#### [The problem]
Exactly reproduce the line containing "Maintenant, La France Est Piégée" and all later lines to the end of the entries, leaving the pictures out of your copy.

········

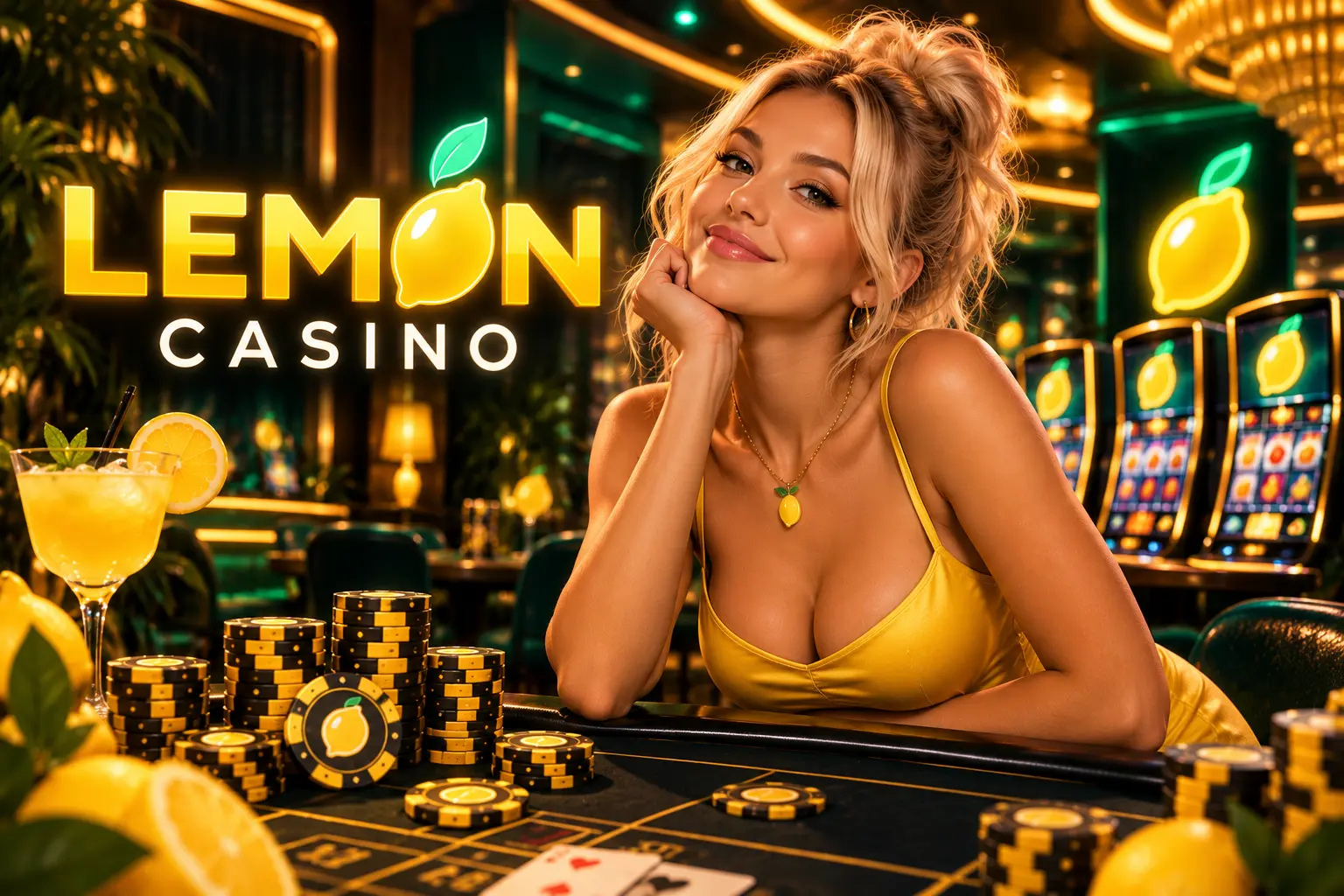 Lemon Casino — oficjalny portal kasyna online w Polsce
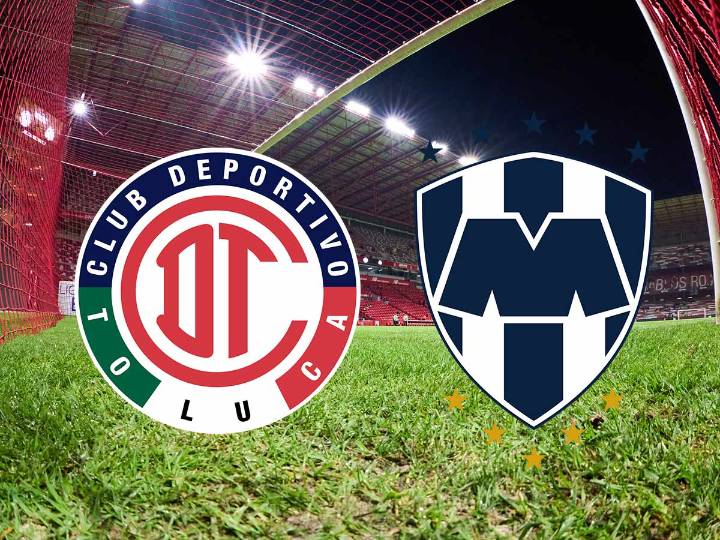 Toluca Vs Monterrey sufre retraso por tormenta eléctrica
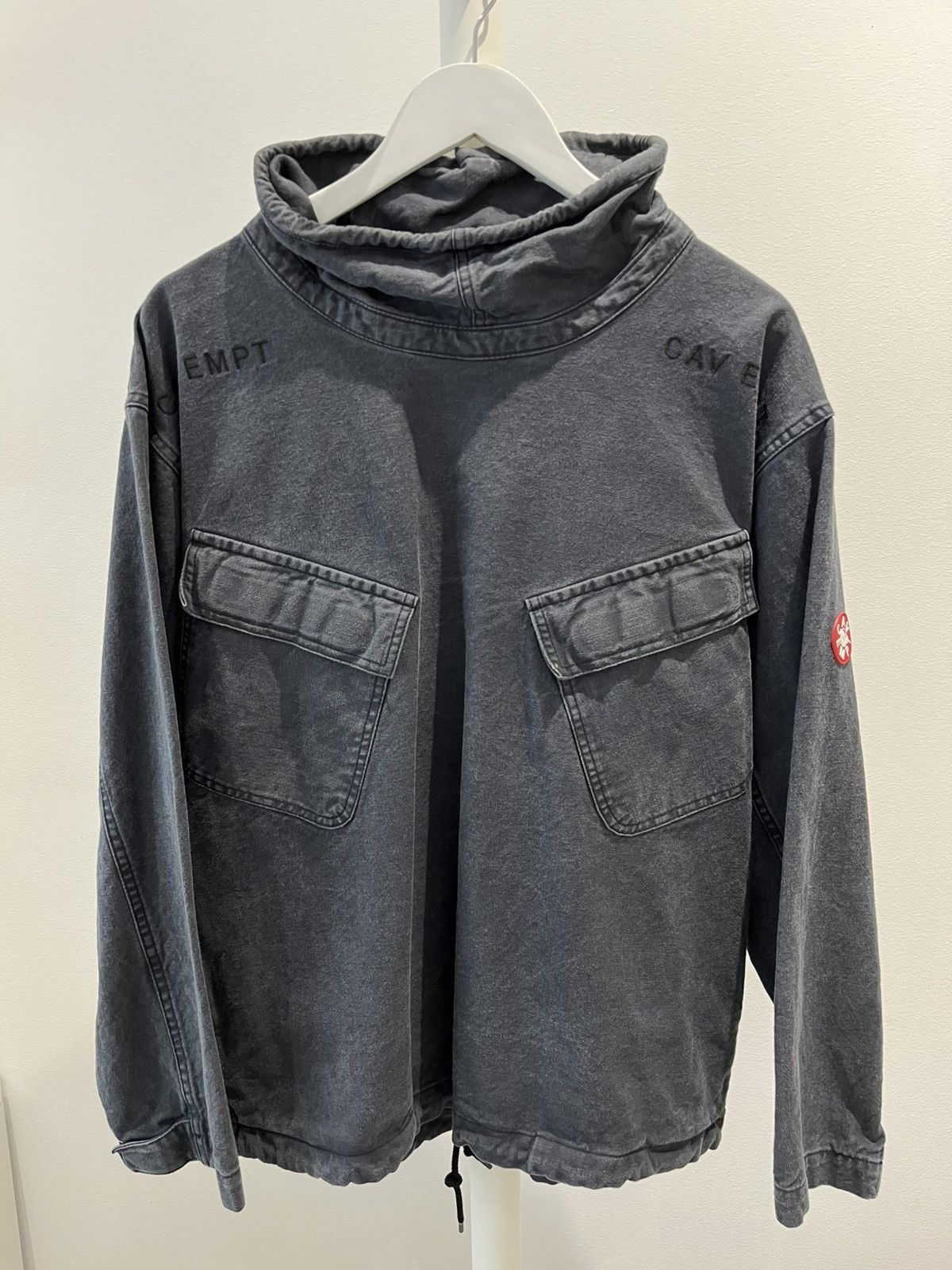 Cav Empt Cav Empt for Beauty&Youth United Arrows Size US S / EU 44-46 / 1 - 1 Thumbnail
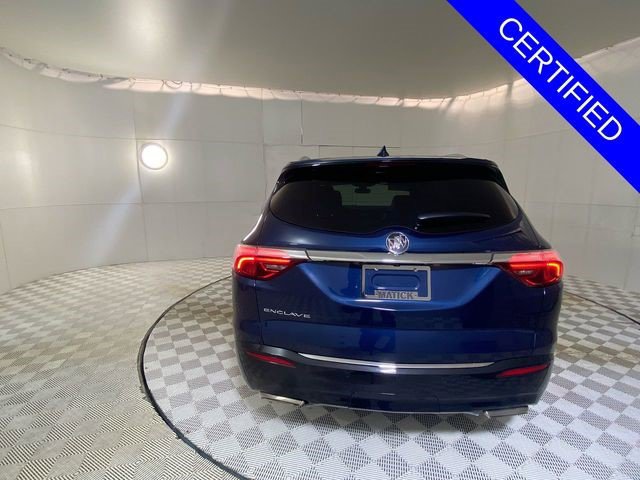 Certified 2024 Buick Enclave Essence w/ LPO, Floor Liner Package FWD image 24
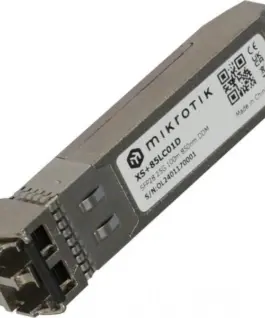SFP модул Mikrotik XSPlus-85LC01D 1.25GB10GB 25GB 100m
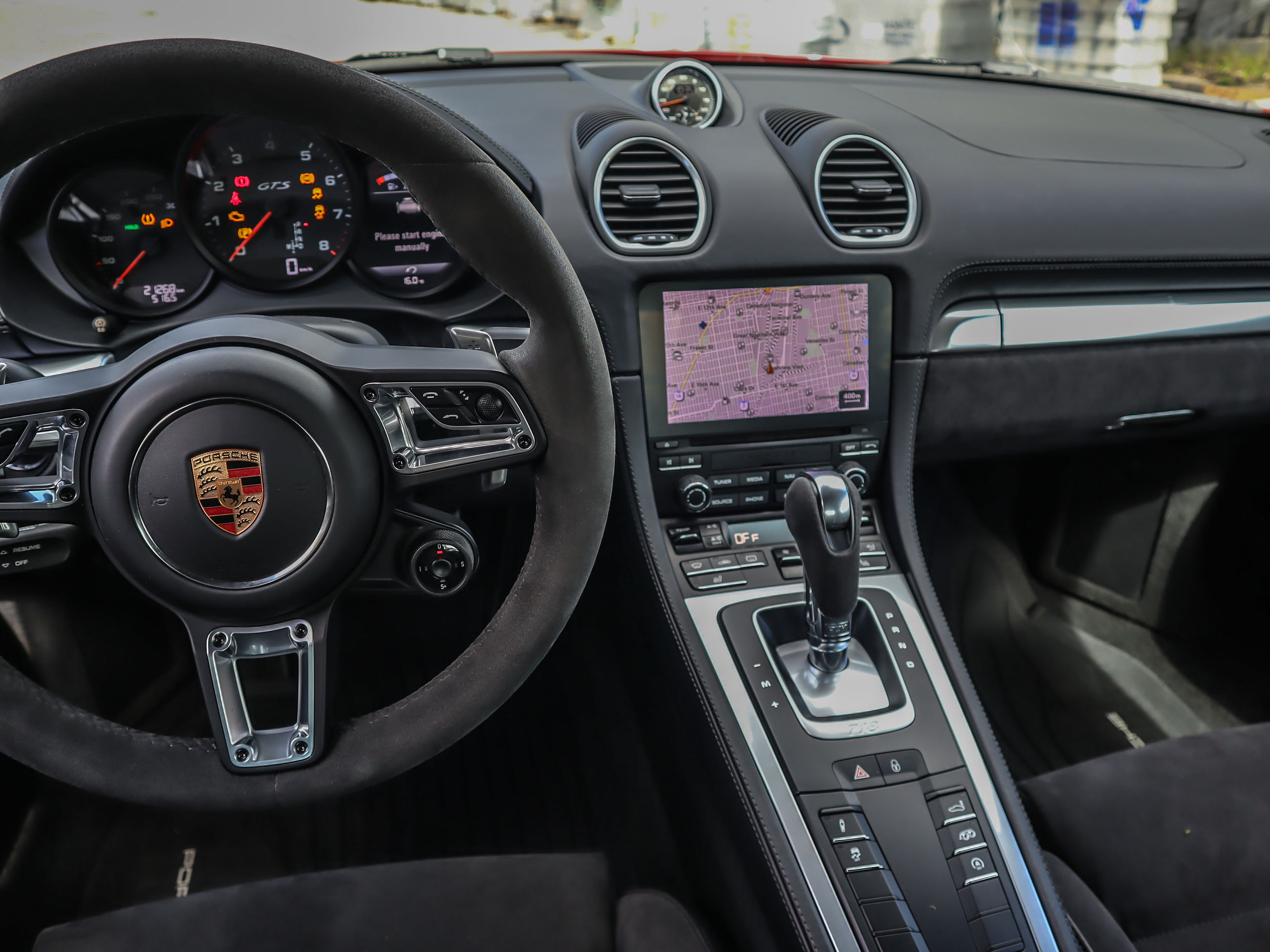 2019 Porsche 718 Cayman in Vancouver, British Columbia
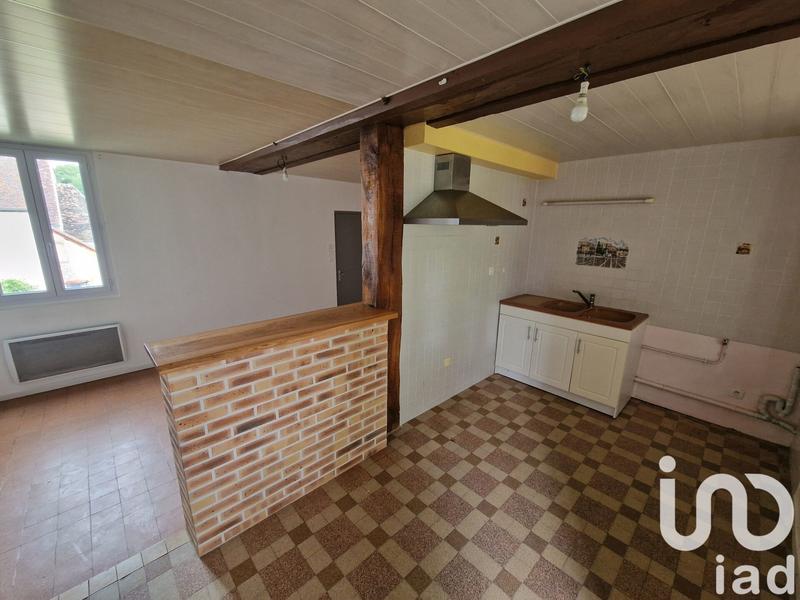 Maison - 115 m² - 3 pièces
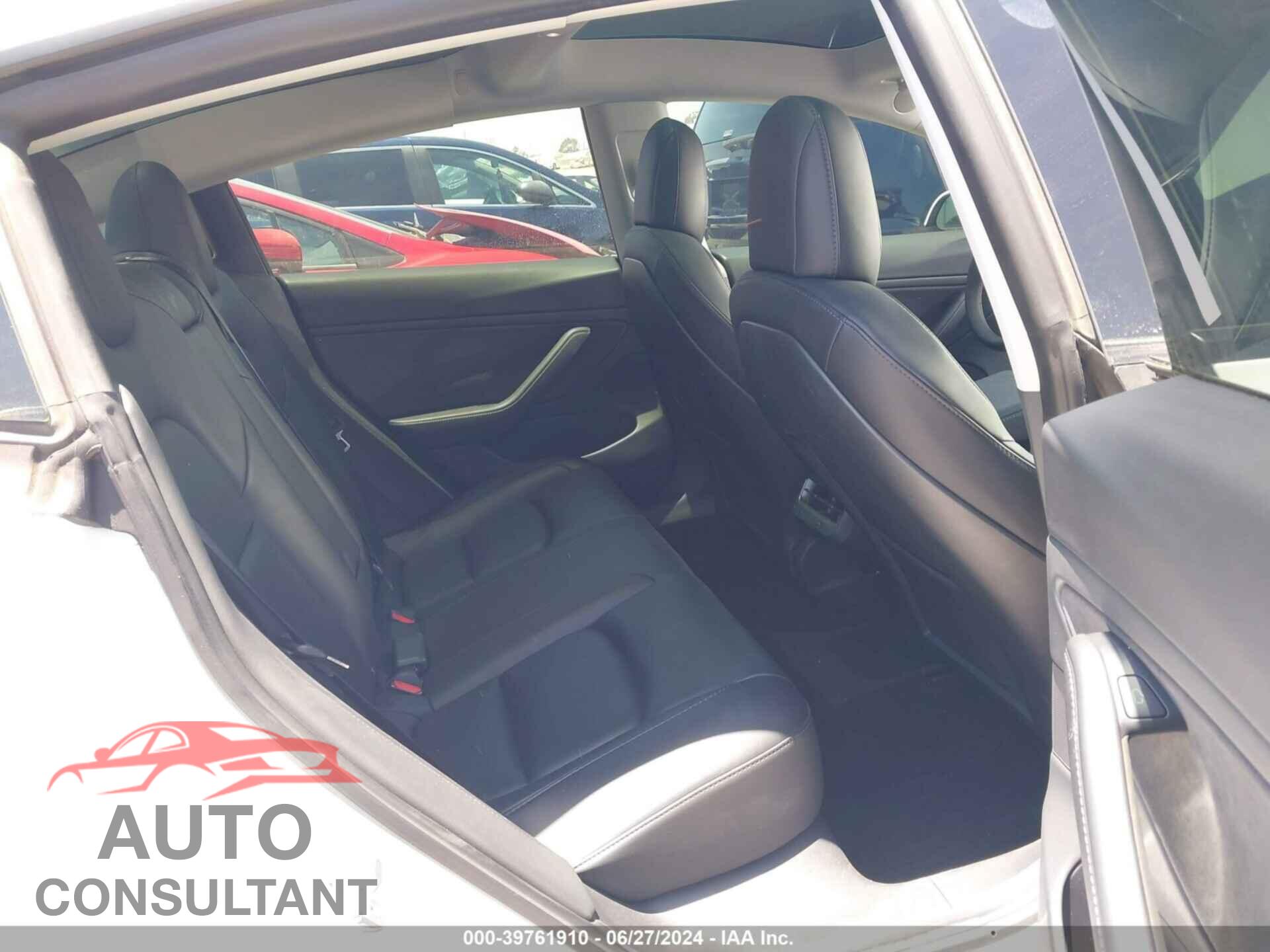 TESLA MODEL 3 2021 - 5YJ3E1EB8MF926832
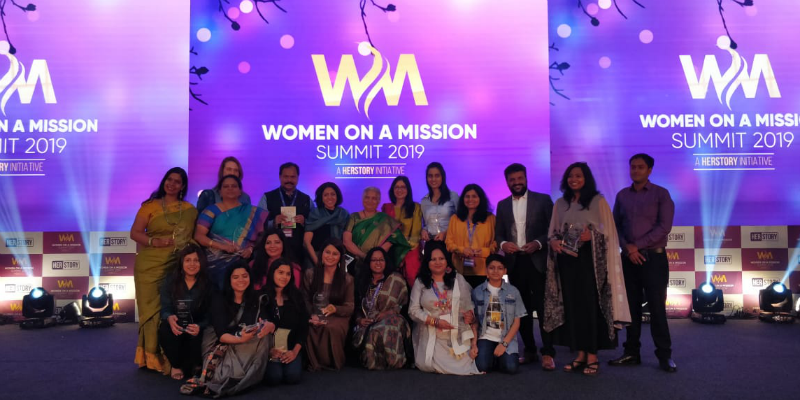 A day of wonder, wit, and wisdom: Women on a Mission makes an impression 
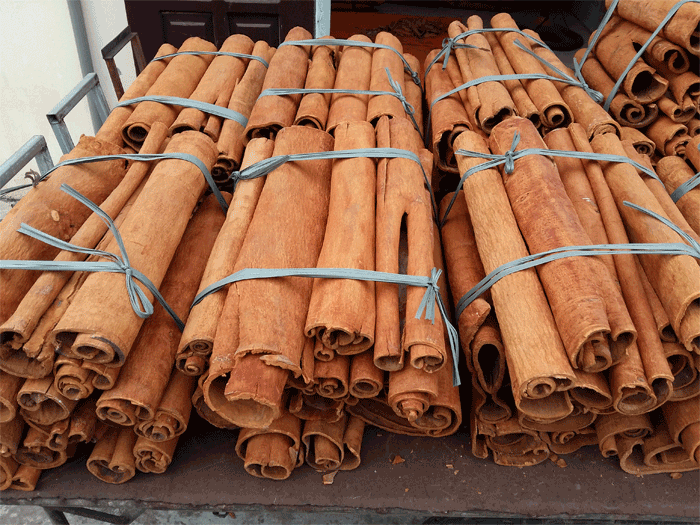 NATURAL BROWN VIETNAMESE CINNAMON STICKS – 10KG | OEM/ODM WHOLESALE 4
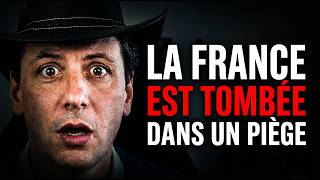 Maintenant, La France Est Piégée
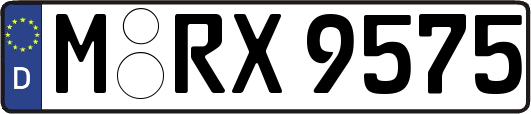 M-RX9575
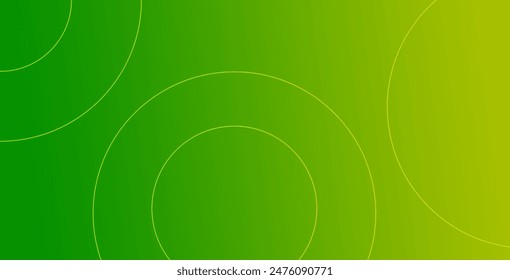 Abstract green background. Suit for presentation design with modern corporate and business concept. Vector illustration design for presentation, banner, cover, web, header, flyer, poster, wallpaper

········

#### [Result]
 Maintenant, La France Est Piégée
 M-RX9575
 Abstract green background. Suit for presentation design with modern corporate and business concept. Vector illustration design for presentation, banner, cover, web, header, flyer, poster, wallpaper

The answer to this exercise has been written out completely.